§ Assigned task
Please print exactly the line containing "this 599×434 image." and every line after it to the end of the records below, and nothing more.

§ Exercise input
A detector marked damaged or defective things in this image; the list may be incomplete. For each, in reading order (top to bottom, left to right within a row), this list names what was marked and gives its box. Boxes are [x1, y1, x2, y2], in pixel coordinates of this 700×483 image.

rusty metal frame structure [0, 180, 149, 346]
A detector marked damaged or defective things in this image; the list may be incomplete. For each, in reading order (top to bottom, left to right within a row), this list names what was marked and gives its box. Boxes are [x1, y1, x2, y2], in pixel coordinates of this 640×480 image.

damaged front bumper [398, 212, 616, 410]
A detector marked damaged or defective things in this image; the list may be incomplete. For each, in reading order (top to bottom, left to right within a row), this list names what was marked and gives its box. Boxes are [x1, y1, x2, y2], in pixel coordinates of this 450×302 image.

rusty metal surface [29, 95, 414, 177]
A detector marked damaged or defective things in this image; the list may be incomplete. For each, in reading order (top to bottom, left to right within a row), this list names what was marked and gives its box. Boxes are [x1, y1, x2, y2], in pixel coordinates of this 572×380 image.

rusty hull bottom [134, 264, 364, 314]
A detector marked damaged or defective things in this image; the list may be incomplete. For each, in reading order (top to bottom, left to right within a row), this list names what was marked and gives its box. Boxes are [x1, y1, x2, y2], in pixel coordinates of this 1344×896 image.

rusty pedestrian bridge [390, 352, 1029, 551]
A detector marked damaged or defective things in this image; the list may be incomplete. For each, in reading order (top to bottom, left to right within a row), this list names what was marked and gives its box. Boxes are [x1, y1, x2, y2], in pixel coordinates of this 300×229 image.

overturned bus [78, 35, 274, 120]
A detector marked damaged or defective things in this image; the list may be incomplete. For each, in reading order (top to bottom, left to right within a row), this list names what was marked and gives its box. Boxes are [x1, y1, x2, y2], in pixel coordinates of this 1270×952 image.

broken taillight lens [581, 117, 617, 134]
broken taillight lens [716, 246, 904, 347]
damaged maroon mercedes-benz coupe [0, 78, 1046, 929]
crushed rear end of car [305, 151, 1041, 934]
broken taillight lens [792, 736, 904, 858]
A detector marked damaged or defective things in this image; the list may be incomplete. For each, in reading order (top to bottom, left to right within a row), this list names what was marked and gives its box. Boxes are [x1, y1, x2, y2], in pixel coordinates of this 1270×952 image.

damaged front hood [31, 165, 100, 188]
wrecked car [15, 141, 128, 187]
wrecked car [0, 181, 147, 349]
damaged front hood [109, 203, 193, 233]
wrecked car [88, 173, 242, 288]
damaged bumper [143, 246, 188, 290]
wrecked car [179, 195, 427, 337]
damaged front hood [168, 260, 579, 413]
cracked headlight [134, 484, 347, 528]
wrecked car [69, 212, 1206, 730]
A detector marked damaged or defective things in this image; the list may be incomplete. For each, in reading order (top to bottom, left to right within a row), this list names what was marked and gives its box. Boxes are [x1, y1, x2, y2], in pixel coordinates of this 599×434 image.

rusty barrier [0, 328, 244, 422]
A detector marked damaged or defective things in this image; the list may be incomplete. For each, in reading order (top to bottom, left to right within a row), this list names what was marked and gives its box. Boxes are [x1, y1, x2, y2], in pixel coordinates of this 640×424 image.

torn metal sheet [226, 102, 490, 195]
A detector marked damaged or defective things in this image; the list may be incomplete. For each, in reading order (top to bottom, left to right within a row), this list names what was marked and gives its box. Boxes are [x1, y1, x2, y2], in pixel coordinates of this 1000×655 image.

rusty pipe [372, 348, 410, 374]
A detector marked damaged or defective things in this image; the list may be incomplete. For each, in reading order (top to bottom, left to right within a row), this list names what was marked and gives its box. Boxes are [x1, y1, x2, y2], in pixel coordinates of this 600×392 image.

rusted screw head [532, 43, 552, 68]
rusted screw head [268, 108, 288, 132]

§ Answer for this exercise
A detector marked damaged or defective things in this image; the list may be incomplete. For each, in reading order (top to bottom, left to right within a row), this list names what was marked and gives its box. Boxes are [x1, y1, x2, y2], in pixel coordinates of this 599×434 image.

rusty barrier [0, 328, 244, 422]
A detector marked damaged or defective things in this image; the list may be incomplete. For each, in reading order (top to bottom, left to right within a row), this list names what was marked and gives its box. Boxes are [x1, y1, x2, y2], in pixel coordinates of this 640×424 image.

torn metal sheet [226, 102, 490, 195]
A detector marked damaged or defective things in this image; the list may be incomplete. For each, in reading order (top to bottom, left to right within a row), this list names what was marked and gives its box. Boxes are [x1, y1, x2, y2], in pixel coordinates of this 1000×655 image.

rusty pipe [372, 348, 410, 374]
A detector marked damaged or defective things in this image; the list may be incomplete. For each, in reading order (top to bottom, left to right within a row), this list names what was marked and gives its box. Boxes are [x1, y1, x2, y2], in pixel coordinates of this 600×392 image.

rusted screw head [532, 43, 552, 68]
rusted screw head [268, 108, 288, 132]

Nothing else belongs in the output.